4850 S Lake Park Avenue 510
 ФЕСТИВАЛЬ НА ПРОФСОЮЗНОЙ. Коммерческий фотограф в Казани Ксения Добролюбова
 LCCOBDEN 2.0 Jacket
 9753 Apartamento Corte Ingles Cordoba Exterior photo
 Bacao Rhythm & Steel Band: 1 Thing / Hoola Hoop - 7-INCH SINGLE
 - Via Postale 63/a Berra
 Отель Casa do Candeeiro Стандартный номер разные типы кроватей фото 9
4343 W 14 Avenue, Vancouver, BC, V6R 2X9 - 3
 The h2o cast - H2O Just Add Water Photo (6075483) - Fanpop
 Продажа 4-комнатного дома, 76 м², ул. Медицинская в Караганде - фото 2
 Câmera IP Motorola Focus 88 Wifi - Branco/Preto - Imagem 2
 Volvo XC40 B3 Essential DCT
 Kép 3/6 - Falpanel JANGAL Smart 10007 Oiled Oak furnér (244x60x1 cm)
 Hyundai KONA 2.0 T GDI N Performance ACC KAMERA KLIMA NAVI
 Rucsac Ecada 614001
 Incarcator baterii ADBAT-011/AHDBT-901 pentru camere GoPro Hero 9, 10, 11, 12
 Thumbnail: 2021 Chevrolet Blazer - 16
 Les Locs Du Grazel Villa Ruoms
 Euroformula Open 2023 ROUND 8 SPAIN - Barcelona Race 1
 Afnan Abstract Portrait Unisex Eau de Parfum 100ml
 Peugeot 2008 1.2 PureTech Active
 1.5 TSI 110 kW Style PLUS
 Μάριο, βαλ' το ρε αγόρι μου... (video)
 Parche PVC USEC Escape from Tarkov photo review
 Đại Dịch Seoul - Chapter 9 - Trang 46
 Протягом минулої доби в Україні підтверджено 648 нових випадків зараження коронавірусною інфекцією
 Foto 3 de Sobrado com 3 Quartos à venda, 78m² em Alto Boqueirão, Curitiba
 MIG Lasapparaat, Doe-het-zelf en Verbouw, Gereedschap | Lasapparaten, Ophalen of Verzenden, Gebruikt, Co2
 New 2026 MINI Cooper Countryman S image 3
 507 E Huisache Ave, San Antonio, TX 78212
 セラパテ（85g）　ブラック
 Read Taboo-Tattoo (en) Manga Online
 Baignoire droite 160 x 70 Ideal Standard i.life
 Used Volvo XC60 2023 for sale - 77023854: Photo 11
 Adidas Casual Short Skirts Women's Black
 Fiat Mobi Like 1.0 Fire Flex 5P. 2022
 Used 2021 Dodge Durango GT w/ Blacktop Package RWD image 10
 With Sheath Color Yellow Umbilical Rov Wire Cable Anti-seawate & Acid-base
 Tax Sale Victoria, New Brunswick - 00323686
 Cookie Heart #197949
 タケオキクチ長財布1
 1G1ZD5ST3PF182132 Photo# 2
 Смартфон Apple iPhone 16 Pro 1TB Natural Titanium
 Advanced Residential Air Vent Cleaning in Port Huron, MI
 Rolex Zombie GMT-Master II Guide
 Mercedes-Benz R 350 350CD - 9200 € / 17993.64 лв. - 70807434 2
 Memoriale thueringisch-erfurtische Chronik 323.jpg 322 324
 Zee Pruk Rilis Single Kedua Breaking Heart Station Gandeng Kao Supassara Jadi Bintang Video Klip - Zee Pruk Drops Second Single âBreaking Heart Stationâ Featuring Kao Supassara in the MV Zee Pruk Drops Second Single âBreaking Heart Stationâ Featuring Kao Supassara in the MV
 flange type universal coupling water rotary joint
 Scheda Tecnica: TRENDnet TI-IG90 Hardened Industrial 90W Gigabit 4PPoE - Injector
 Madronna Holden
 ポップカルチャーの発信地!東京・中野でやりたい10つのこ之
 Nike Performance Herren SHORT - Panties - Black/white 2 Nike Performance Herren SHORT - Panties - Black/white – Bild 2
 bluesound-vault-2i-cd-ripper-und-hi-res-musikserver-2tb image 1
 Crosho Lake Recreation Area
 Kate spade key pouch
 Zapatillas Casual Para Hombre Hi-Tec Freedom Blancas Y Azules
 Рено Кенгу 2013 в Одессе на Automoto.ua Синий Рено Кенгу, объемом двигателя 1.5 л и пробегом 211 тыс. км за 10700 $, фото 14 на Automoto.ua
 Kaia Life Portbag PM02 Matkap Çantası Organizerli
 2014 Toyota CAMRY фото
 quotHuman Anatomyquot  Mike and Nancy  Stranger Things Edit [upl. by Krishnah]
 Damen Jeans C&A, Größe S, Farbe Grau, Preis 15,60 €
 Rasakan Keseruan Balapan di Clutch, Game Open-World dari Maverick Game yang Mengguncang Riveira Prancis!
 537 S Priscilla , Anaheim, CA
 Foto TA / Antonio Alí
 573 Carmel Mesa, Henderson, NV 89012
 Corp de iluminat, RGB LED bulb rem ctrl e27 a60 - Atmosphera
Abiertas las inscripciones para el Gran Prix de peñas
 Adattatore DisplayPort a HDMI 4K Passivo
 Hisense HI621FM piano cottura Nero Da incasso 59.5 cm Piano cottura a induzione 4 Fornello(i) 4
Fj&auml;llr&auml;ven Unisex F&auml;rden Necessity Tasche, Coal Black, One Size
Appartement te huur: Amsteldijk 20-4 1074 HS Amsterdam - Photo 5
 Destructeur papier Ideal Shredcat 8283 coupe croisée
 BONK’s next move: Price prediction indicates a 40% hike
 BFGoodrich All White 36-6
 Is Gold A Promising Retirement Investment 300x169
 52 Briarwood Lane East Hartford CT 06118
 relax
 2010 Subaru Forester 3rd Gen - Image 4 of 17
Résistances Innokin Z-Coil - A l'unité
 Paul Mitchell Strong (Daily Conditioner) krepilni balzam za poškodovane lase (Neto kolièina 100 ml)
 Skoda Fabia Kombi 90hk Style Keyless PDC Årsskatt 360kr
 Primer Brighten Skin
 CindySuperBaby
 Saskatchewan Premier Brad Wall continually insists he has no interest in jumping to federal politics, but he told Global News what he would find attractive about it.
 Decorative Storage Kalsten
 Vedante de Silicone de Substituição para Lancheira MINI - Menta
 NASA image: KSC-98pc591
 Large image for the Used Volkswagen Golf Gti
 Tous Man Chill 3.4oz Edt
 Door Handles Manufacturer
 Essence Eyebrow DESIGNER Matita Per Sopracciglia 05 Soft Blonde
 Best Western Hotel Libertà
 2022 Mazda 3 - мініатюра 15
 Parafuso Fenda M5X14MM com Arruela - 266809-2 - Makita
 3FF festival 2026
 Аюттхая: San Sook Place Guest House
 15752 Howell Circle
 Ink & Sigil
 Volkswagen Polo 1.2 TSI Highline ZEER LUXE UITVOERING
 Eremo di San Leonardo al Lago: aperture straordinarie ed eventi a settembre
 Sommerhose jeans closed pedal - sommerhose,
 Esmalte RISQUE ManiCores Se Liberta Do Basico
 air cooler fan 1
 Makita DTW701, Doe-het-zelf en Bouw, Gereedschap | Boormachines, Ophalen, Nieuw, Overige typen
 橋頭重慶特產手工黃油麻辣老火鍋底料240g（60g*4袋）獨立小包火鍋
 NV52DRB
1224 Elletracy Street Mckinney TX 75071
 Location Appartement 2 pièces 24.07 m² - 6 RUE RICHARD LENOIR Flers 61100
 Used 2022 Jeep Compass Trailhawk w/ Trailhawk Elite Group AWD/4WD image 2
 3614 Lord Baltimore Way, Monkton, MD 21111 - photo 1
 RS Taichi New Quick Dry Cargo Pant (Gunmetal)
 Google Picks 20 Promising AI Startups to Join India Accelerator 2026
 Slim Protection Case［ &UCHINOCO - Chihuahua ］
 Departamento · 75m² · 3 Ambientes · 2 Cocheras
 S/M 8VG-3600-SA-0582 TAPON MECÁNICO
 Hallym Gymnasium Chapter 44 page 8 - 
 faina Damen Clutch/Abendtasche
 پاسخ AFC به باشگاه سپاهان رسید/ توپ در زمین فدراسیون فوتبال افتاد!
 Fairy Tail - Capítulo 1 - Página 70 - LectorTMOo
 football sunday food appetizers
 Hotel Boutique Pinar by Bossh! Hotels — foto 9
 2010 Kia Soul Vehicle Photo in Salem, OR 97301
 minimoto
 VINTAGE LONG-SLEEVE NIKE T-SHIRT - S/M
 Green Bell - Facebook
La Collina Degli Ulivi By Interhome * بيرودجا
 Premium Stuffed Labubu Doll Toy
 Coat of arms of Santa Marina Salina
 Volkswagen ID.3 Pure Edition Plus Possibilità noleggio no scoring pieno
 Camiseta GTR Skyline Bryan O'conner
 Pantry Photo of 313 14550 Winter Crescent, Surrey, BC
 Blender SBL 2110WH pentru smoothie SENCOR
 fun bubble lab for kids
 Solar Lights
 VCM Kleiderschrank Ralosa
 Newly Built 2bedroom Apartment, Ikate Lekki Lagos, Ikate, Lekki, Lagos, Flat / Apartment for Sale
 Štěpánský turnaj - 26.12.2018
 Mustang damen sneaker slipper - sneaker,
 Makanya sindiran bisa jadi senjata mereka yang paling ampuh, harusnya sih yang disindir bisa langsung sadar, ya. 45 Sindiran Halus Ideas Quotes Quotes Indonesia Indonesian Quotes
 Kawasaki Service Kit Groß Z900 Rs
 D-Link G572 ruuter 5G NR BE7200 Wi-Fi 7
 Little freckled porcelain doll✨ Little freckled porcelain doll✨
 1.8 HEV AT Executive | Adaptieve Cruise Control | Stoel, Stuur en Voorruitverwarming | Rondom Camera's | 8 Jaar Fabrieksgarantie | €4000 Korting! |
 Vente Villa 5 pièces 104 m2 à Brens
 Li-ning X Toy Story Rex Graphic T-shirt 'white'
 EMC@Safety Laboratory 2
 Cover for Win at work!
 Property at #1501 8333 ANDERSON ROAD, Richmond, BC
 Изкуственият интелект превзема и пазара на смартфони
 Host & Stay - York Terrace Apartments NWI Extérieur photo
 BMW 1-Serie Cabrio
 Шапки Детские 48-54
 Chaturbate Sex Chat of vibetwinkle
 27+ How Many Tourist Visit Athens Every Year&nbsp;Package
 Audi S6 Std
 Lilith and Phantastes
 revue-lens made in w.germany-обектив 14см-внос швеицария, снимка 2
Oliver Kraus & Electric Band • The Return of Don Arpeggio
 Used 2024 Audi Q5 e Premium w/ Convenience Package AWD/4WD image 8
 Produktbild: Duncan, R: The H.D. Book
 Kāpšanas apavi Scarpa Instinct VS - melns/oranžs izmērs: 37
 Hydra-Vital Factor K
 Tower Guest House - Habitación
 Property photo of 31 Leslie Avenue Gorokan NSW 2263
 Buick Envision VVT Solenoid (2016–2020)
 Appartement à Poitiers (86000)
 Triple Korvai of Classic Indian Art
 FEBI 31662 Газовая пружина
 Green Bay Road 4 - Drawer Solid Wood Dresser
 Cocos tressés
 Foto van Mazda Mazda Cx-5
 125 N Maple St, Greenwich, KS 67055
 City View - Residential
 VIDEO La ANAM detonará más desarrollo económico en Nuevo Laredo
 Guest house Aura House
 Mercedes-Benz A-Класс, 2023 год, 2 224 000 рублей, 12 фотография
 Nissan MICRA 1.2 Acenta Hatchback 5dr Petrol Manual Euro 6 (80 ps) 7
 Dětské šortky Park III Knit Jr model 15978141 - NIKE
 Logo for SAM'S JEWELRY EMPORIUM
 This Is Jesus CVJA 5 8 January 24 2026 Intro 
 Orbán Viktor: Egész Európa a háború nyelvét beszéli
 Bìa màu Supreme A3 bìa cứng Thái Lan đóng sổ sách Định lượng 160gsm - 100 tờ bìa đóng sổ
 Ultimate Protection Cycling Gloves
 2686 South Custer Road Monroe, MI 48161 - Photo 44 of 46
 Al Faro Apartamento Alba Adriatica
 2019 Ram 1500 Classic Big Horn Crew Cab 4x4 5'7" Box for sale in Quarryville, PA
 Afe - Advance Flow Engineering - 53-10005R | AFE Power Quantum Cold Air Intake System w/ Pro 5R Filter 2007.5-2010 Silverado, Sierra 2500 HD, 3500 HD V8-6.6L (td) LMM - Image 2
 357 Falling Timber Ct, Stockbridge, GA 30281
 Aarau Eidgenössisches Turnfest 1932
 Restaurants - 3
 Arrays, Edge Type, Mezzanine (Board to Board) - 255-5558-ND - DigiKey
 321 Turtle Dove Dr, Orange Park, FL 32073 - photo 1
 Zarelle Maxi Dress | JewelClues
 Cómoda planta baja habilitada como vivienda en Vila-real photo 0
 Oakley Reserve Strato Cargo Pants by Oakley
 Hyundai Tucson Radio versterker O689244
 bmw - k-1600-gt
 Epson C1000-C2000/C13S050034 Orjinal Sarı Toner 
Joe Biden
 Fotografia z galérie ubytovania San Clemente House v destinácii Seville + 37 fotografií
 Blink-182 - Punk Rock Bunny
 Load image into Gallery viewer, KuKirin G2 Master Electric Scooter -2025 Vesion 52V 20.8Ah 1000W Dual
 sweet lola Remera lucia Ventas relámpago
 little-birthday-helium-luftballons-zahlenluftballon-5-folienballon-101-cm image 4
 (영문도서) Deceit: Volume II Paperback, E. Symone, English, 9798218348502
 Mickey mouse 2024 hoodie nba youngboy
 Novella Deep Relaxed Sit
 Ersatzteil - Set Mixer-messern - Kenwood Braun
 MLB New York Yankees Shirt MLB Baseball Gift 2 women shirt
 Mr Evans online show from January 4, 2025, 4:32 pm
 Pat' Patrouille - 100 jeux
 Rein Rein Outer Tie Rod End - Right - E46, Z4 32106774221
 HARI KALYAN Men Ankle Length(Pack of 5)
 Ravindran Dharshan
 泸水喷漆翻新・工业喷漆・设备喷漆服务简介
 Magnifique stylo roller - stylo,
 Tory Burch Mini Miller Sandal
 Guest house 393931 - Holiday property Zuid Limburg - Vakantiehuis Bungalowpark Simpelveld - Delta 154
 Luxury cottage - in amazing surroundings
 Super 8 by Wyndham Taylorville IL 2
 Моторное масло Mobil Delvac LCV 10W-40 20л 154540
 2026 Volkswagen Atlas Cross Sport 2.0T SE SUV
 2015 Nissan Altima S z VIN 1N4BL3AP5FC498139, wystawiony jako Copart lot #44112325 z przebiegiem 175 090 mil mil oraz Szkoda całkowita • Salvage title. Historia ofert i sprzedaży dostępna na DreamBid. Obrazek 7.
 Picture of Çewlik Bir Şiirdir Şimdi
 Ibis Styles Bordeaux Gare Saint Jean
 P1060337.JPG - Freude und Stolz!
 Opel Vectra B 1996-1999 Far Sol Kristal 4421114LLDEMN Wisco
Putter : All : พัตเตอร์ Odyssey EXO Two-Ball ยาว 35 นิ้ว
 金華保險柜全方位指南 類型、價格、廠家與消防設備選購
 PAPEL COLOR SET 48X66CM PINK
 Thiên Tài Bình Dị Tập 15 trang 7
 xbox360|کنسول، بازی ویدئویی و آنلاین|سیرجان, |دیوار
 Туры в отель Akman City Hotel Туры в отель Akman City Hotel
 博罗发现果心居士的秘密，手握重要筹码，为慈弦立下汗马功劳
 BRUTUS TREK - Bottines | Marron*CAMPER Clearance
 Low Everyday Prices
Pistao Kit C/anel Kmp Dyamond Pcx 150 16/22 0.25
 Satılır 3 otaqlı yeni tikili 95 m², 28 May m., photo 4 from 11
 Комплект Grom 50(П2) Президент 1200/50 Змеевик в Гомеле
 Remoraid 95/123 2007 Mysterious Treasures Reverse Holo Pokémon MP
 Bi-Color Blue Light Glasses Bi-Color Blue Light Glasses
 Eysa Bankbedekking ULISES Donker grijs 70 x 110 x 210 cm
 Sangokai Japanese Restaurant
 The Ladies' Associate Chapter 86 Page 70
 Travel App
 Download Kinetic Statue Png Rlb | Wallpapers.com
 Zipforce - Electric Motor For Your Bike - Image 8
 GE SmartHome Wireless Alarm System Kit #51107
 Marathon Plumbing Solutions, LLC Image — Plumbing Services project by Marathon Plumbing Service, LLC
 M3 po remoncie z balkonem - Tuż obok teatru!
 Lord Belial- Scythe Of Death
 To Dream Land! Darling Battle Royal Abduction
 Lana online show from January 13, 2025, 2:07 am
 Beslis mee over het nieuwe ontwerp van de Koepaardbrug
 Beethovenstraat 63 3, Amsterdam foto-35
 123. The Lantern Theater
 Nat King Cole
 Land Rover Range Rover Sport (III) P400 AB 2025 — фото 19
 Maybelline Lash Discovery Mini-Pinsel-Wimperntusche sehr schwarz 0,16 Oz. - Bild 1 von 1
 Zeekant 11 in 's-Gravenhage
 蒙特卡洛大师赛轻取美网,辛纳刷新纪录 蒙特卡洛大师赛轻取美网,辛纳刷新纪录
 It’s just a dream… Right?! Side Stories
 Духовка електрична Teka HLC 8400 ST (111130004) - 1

▶ Task to complete
When you come to the line containing "- Via Postale 63/a Berra", give it and stop; before that, repeat each line of the material exactly from the first one.

▶ Final answer
4850 S Lake Park Avenue 510
 ФЕСТИВАЛЬ НА ПРОФСОЮЗНОЙ. Коммерческий фотограф в Казани Ксения Добролюбова
 LCCOBDEN 2.0 Jacket
 9753 Apartamento Corte Ingles Cordoba Exterior photo
 Bacao Rhythm & Steel Band: 1 Thing / Hoola Hoop - 7-INCH SINGLE
 - Via Postale 63/a Berra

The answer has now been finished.